Jimmie Collins: now just another face in the crowd

BY MICHAEL CHAPMAN

James Anthony Collins was your typical kid from inner-city Atlanta. He was an only child to Natasha Collins, who worked as a full-time server at a small restaurant down the street.

Born June 12, 1991, Collins was a handsome young man by the time he made it to middle school. His mother recalls the first time he brought a girl to the house.

“He was in seventh grade, and I walked in the door to see a girl clearly older than him sitting on the sofa watching television,” she said. “I asked him how old she was after she left, and he got his big smile on and said ‘I don’t know, but she is in high school.’ To be honest I couldn’t help but laugh.”

Soon after that, Jimmie decided to try out for the school basketball team.

“The coach said I was one of the best shooters he’d ever seen in middle school, so I thought I was the big man around the school,” said Collins.

He developed into one of the best middle schoolers in Atlanta even as a seventh grader. Soon, private schools were recruiting him.

“I had coaches surrounding me after every game,” said his mother. “You would have thought he was the number one high school prospect or something.”

He decided to stay at Young Middle School. Collins knew everybody and everybody, especially the girls, knew him.

“He loved those girls,” chuckled his mother. “And they sure loved him. I think he had a rotation of five girls that would come over, one per day. He was a behaved kid so I saw no problem with him watching TV or playing games with the girls.”

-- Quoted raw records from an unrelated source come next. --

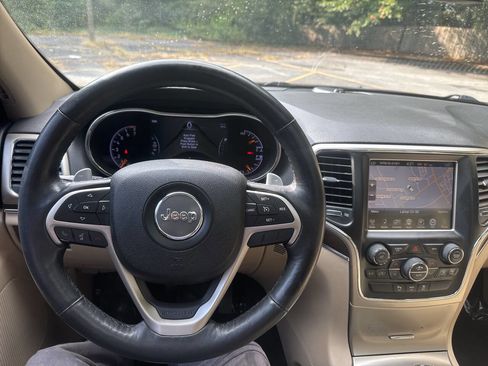 Used 2015 Jeep Grand Cherokee Limited w/ Luxury Group II image 29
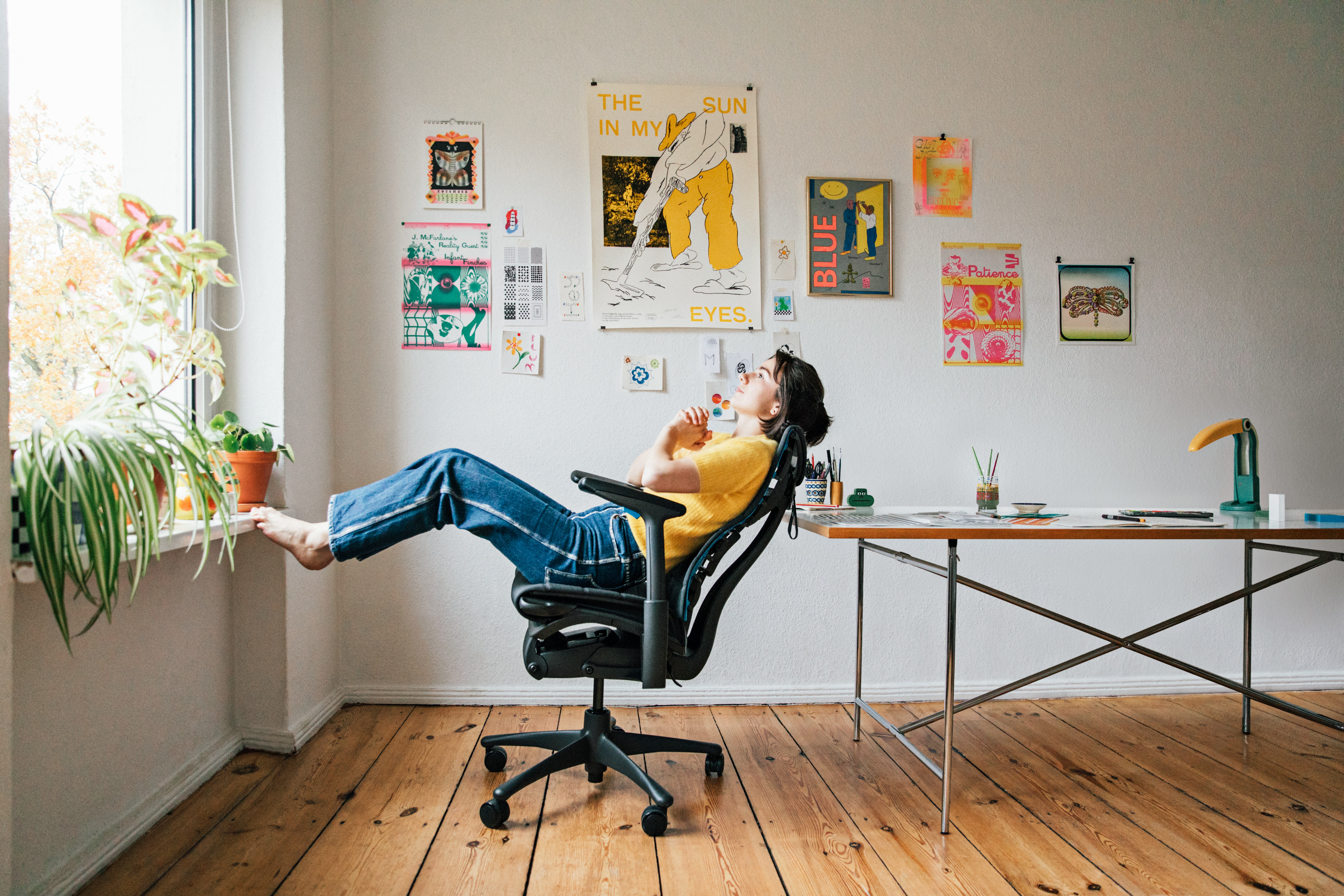 Molly Rose Dyson in studio with Embody and Nelson X-Leg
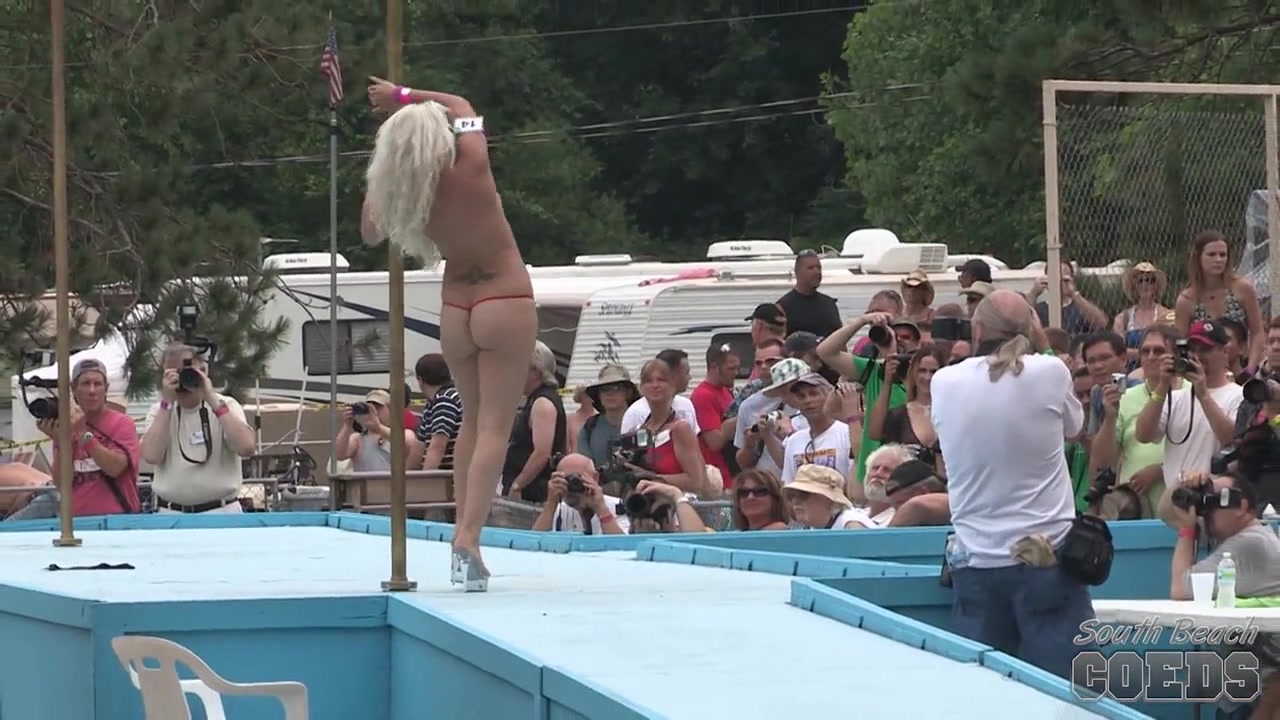 Camera Guy Cojones Video Coverage Of Nudes A Poppin 2011 2 Of 3 - SouthBeachCoeds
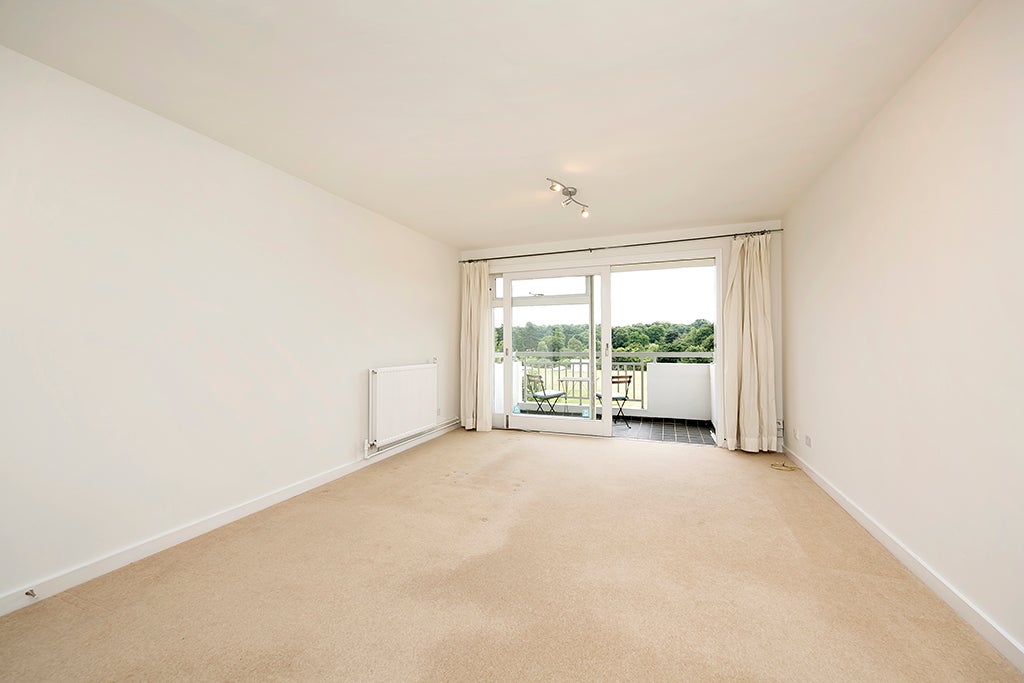 Flat Sheen Road in Greater London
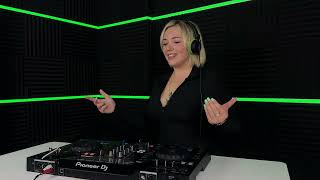 Deva Vicci - Melodic Techno Live Dj Set 4K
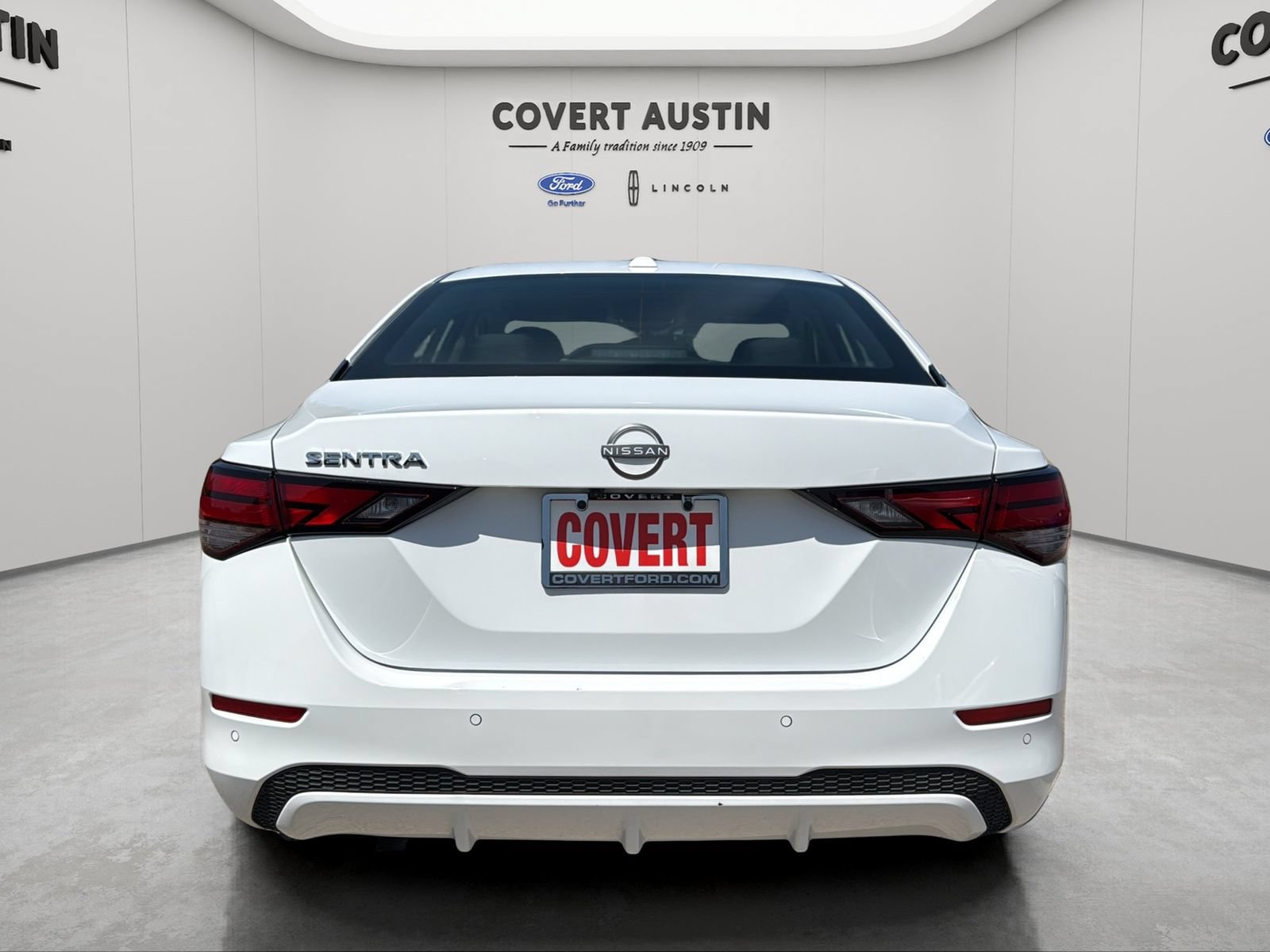 Used 2025 Nissan Sentra SV FWD image 4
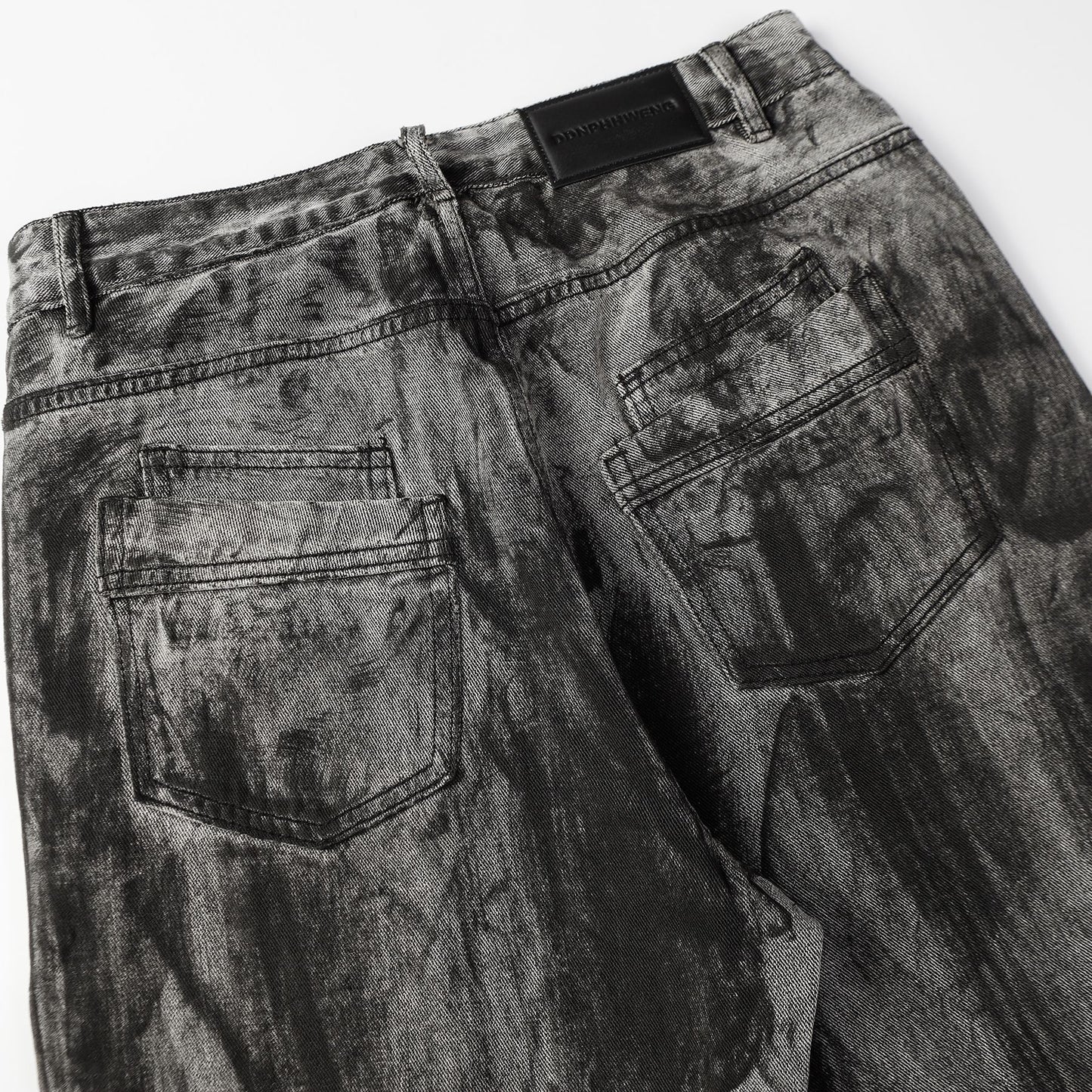 Personalisierte Jeanshose aus Split-Wash-Denim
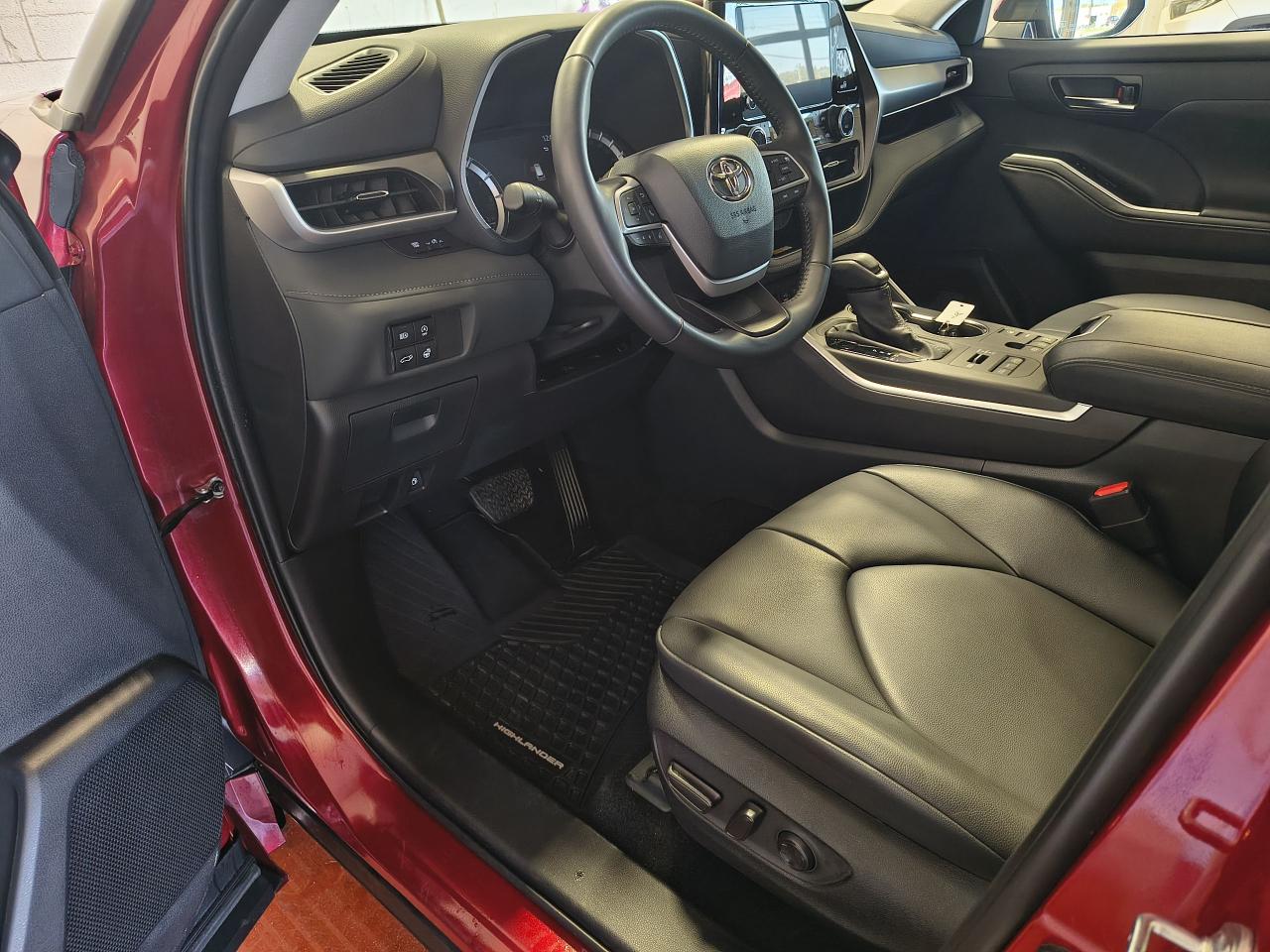 2024 Toyota Highlander XLE Photo0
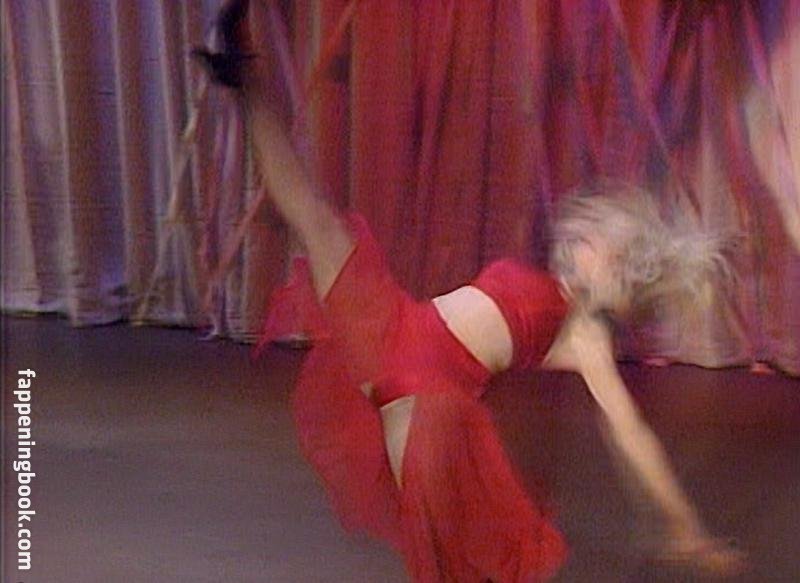 Christina Applegate Nude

Unfortunately, his basketball skill and charming looks both came to an abrupt end. Walking to school during his first semester of eighth grade year, he was struck by a car that jumped the curb. The accident broke both his legs and caused severe abrasions. The doctors told him he would no longer be able to play basketball, and he was crushed.

“That was easily the most depressing moment of my life. If I didn’t have basketball, I didn’t have half of my life,” said Collins.

Not only was his promising basketball career over, the scarring on his face made him the butt of a lot of jokes in high school. Few of his female friends would talk to him.

Collins soon fell into the wrong crowd and was arrested multiple times. Once he turned 17, his mother moved with him to Fort Pierce. He has lived there since and received his associate degree from Indian River State College. He currently is working at the Wal-Mart in Stuart and will be marrying his fiancee next year.

He can only wonder now: What could have been? But Collins says he is happy and has no regrets on anything in life.